_Task data_
* * * *

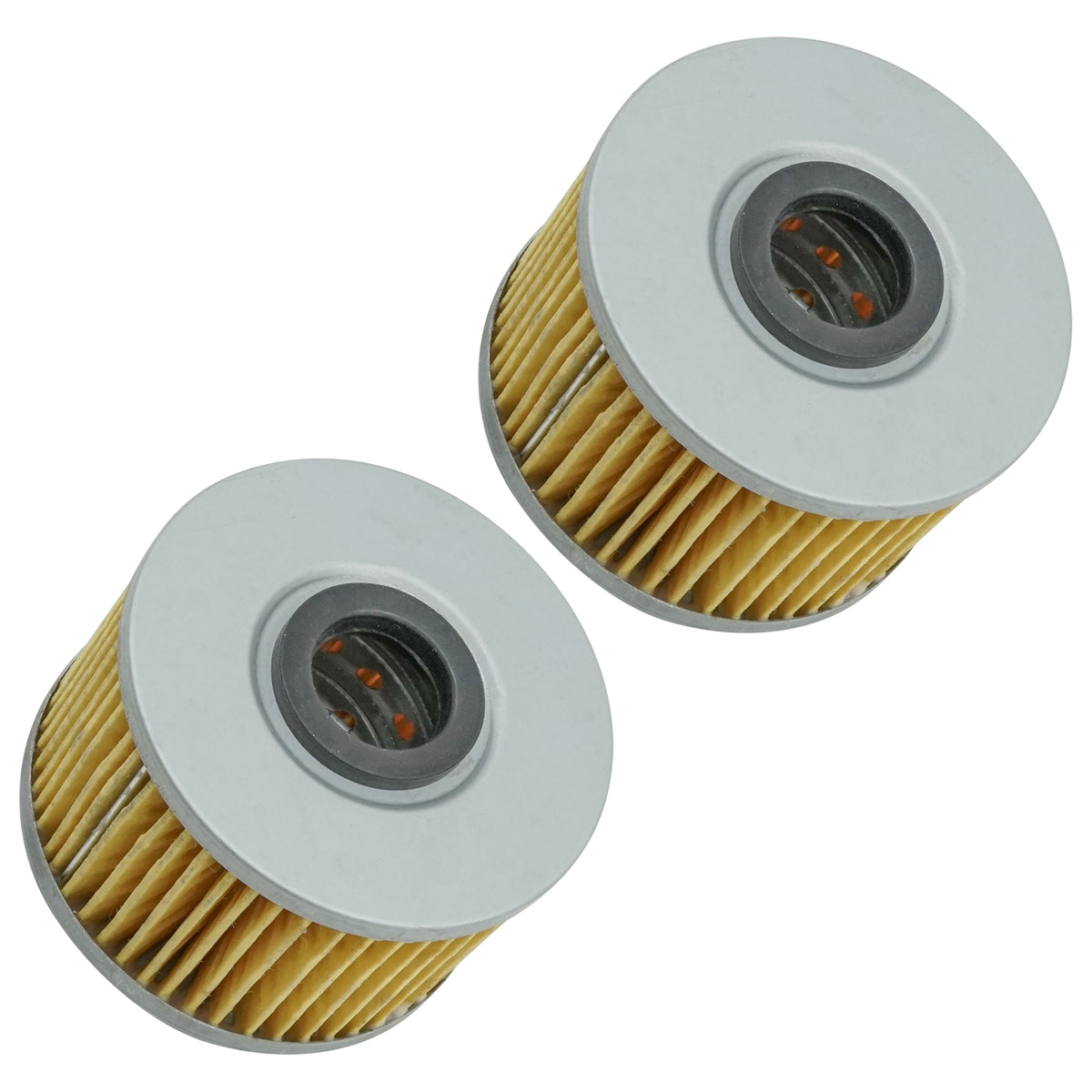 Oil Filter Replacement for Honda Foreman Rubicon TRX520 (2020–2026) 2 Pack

* * * *

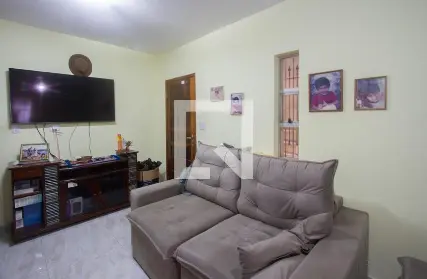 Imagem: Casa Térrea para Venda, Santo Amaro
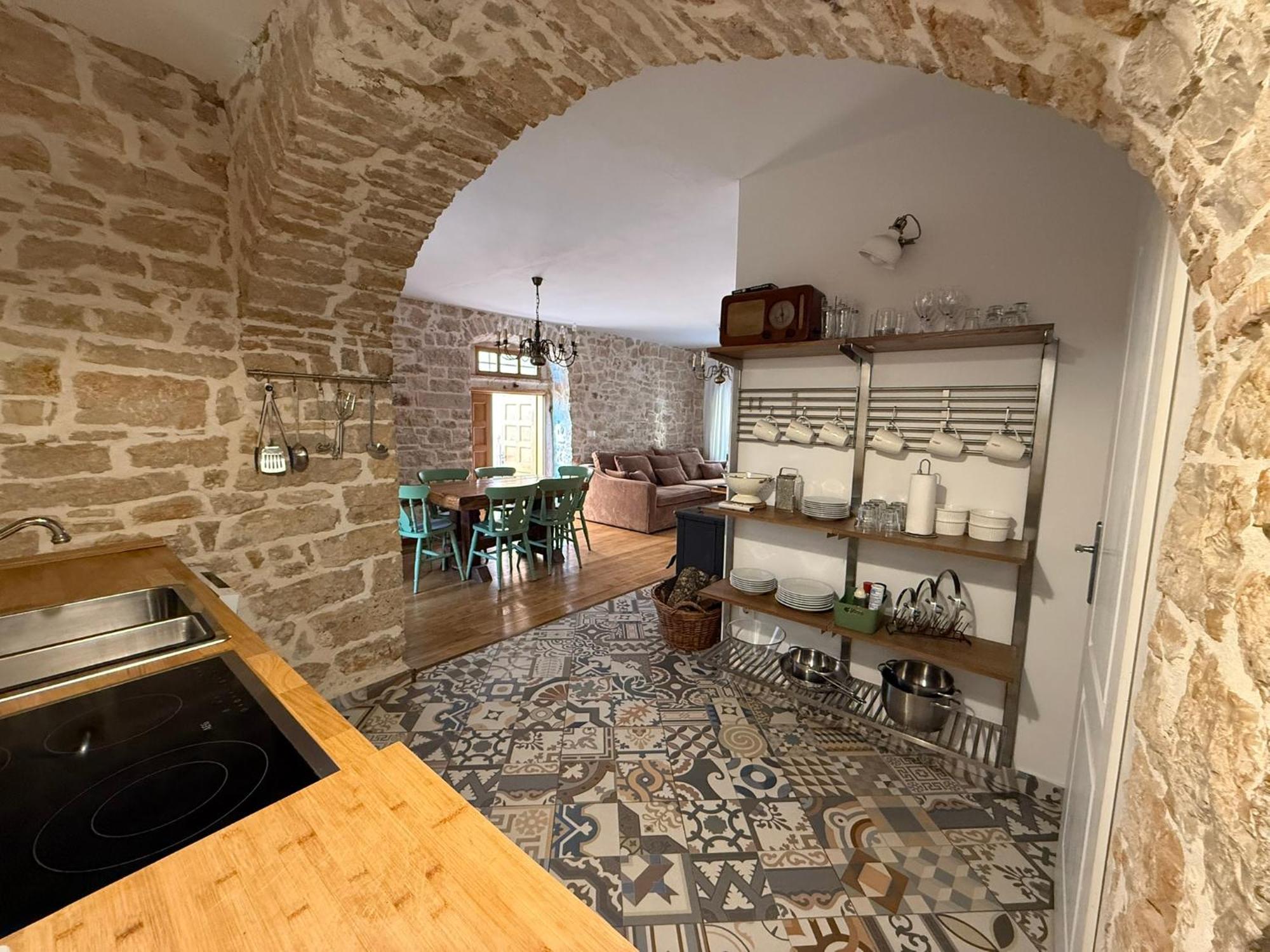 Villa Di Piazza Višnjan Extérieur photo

* * * *

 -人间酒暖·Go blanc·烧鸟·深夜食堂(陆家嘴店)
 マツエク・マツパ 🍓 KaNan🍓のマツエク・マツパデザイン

* * * *

_The task_
Quote word for word only the lines above from the one containing "Imagem: Casa Térrea para Venda, Santo Amaro" through the one containing "Villa Di Piazza Višnjan Extérieur photo". Pictures stay out of your copy.

_Exercise answer_
 Imagem: Casa Térrea para Venda, Santo Amaro
 Villa Di Piazza Višnjan Extérieur photo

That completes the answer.